Seeing the writing on the wall, a handful of agricultural special interests convinced Congress in 1996 to authorize their favored solution to continue their excessive use of water, the Grand Prairie Area Demonstration project. The plan: Use the Army Corps of Engineers, a federal agency experienced in designing projects to promote commercial navigation, flood control, and environmental restoration, to build a massive agricultural irrigation project. With a current price tag of $551 million, a massive pumping station, reservoirs, and nearly 650 miles of canals and pipelines built with public dollars will transport formerly public “excess water” from the White River to some 800 private farms. After 20 years of wrangling, and surviving on congressional earmarks and appropriations slush-y funds, it’s about half built. Now the project’s proponents say the choice is for farmers to tap the region’s drinking water or the government to finish building this boondoggle.
But that’s not the only choice. We, like many Arkansan rice farmers, opposed this project since it was first floated because there are less-costly and less damaging alternatives. On-farm storage of surface water, a.k.a. building ponds, allows a farmer to save rainwater, of which there is plenty in Arkansas, for later use. Tailwater recovery systems, which recycle water back into fields, and improvements in irrigation canals reduce the loss of irrigation water. There’s also the option to grow crops that use less water than rice. But the common theme to these alternatives is that individual farmers would have to change. Oh, and they’d have to pay. The point of the Grand Prairie project is to ignore economics and physics so farmers can keep doing what they’ve been doing. And to have taxpayers pay for it.
The Grand Prairie project is just the tip of the iceberg when it comes to federal tax dollars being employed to bailout certain rice farmers from having to adjust to the physical and economic realities of agriculture. Rice producers benefit from federally subsidized crop insurance—$1.7 billion in coverage in 2016—though they complain it doesn’t pay them enough. The government has another program where payments are mailed to farmers if rice prices fall below a pre-set price. More than $940 million in payments have gone out in the last two years. There are also public research dollars, trade promotion programs, and numerous loan programs. The rice sector is so flooded with public dollars the research arm of Congress just reported that since the 2014 farm bill was passed, at $238.47 per-acre, government subsidies make up 27 percent of rice’s value per-acre value. That makes rice the second-most subsidized crop in the U.S. on a per-acre value.

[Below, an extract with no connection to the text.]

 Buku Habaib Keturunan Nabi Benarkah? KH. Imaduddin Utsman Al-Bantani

Get used to it, because similar self-serving schemes are likely to be attempted many times over as special interests are scrambling to rewrite federal agriculture policy before the current farm bill expires in 2018. Cotton growers are upset they don’t have the same government price guarantees as rice. Dairy interests are bitter their “Margin Protection Program” hasn’t produced bigger margins. The Farm Bureau has a seven-page bulleted laundry list of demands.

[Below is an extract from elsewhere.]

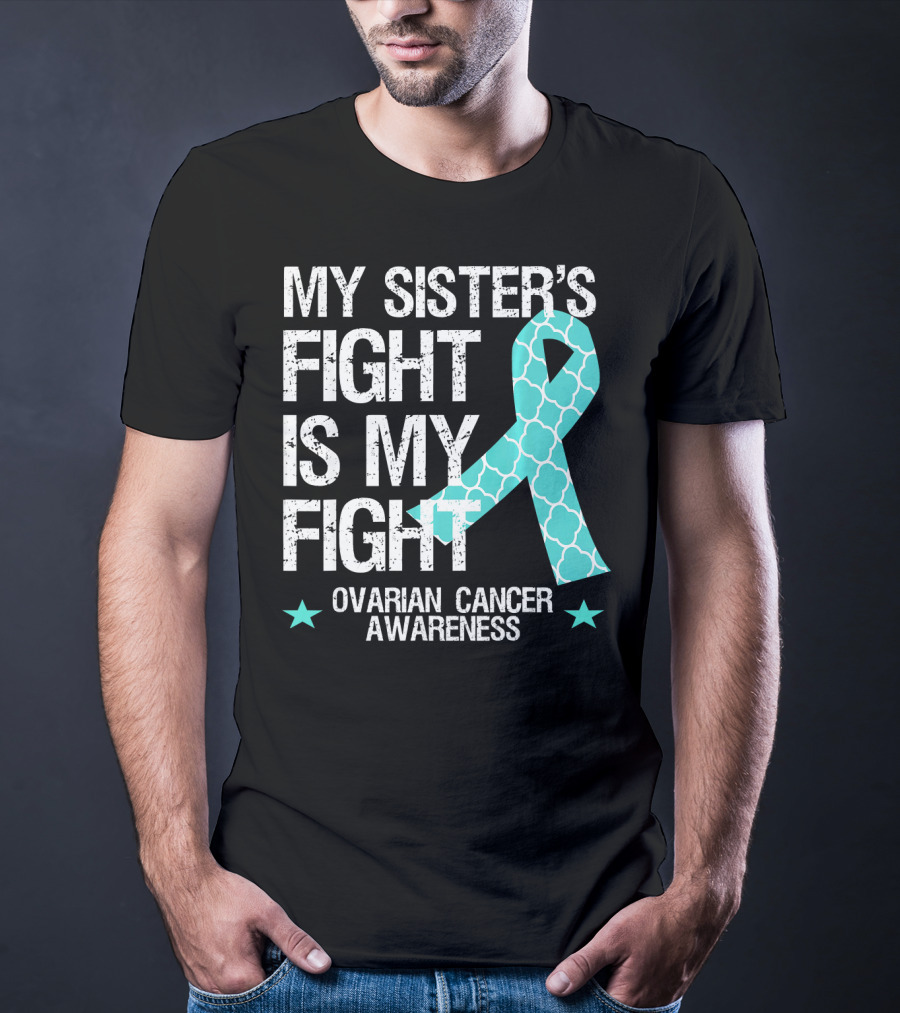 My Sister's Fight Is My Fight Ovarian Cancer Awareness T-Shirt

For all these groups the basic argument boils down to “give us more federal money so we don’t have to adjust.”
It doesn’t have to be this way. Taxpayers can afford to create a cost-effective, transparent safety net for agricultural producers that is responsive to current needs and conditions, and in which all parties are held accountable for producing results benefitting the public interest. What we can’t afford is to increase federal deficits building a web of federal programs to give every agricultural commodity a self-licking (r)ice cream cone.